Il y a dans l'art, aussi bien que dans la vie, deux approches fondamentales : l'identification et la communication. L'identification est l'approche proposée aussi par les mass médias ; on peut la sentir on ne pas la sentir, et dans une relation, elle constitue le terme passif de la dialectique passion-action. Par contre, dans la communication, il y a une intentionalité directe qui peut aboutir au changement réciproque. Chacun vit l'adolescence comme une période de passage où l'identification est l'expérience fondamentale. Puis, à mesure que sa subjectivité s'affermit, le besoin d'identification se réduit. Nous raisonnons davantage avec notre tête et c'est en étant pleinement autonomes que nous cherchons le rapport avec autrui. Il va de soi que les mêmes modalités intersubjectives régissent aussi les rapports des autres avec nous.
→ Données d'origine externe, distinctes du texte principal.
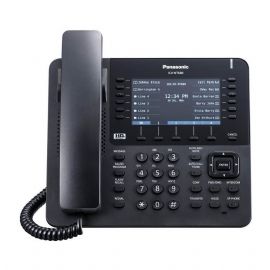 TELEFONO IP PANASONIC KX-NT680 NERO -REV
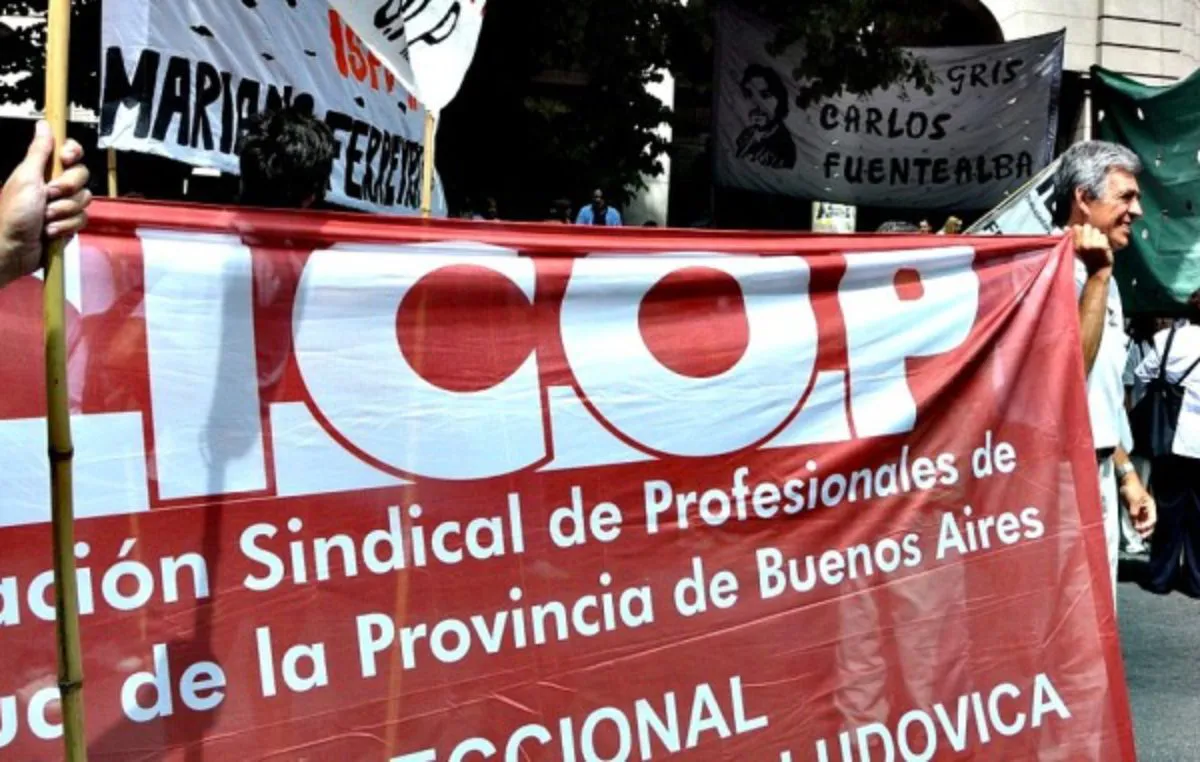 Medicos del Cicop aguardan propuesta paritaria del gobierno bonaerense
Lacan affirme que l'enfant, s'étant rendu compte qu'il ne peut pas posséder sa mère, dirige son désir sur un objet. Cet objet est le prototype de la création artistique, appelé à remplacer un amour rendu impossible par le conflit avec le père. Mais tout ceci, loin de correspondre à la nature ontologique de l'homme, n'est qu'un mécanisme psychologique de notre culture spécifique. Pour ma part, j'ai une autre conception existentielle. Selon moi, il y a le moment où l'on tombe amoureux qui, tout important qu'il soit, n'est qu'une phase d'un processus communicatif fondé sur la réciprocité et sur l'interaction consciente. Je vois donc que personne n'est jamais totalement réalisé, n'est jamais achevé. Il faut vérifier continuellement sa propre personnalité ; cependant, si l'on est disponible pour communiquer, cela ne signifie pas que l'on est disponible pour s'identifier continuellement, mais pour modifier dans un sens historique sa propre identité. Il est merveilleux de tomber amoureux, mais il y a une suite, qu'il faut vivre si on veut vraiment aimer.
Le discours sur la subjectivité peut progresser si on renonce au jeu des perpétuels coups de foudre amoureux, qui ne font que différer le moment où l'on se transforme vraiment en se rendant disponible pour le devenir, grâce à une mutation dialectique, mais aussi structurelle, de sa propre identité. En substance, il arrive un moment où pour communiquer il faut savoir se transformer et où pour se transformer il faut aussi mourir, dans le sens où une partie de nous meurt pour permettre à une autre partie de naître. C'est douloureux, mais nécessaire, voire indispensable.

Piero Gilardi, "Interview pour Juliet", Turin, 1986, Texte paru dans Juliet n°40, Trieste, 1986, in Not for sale, À la recherche de l'art relationnel 1982-2000, Dijon, Les presses du réel, 2002, p. 58.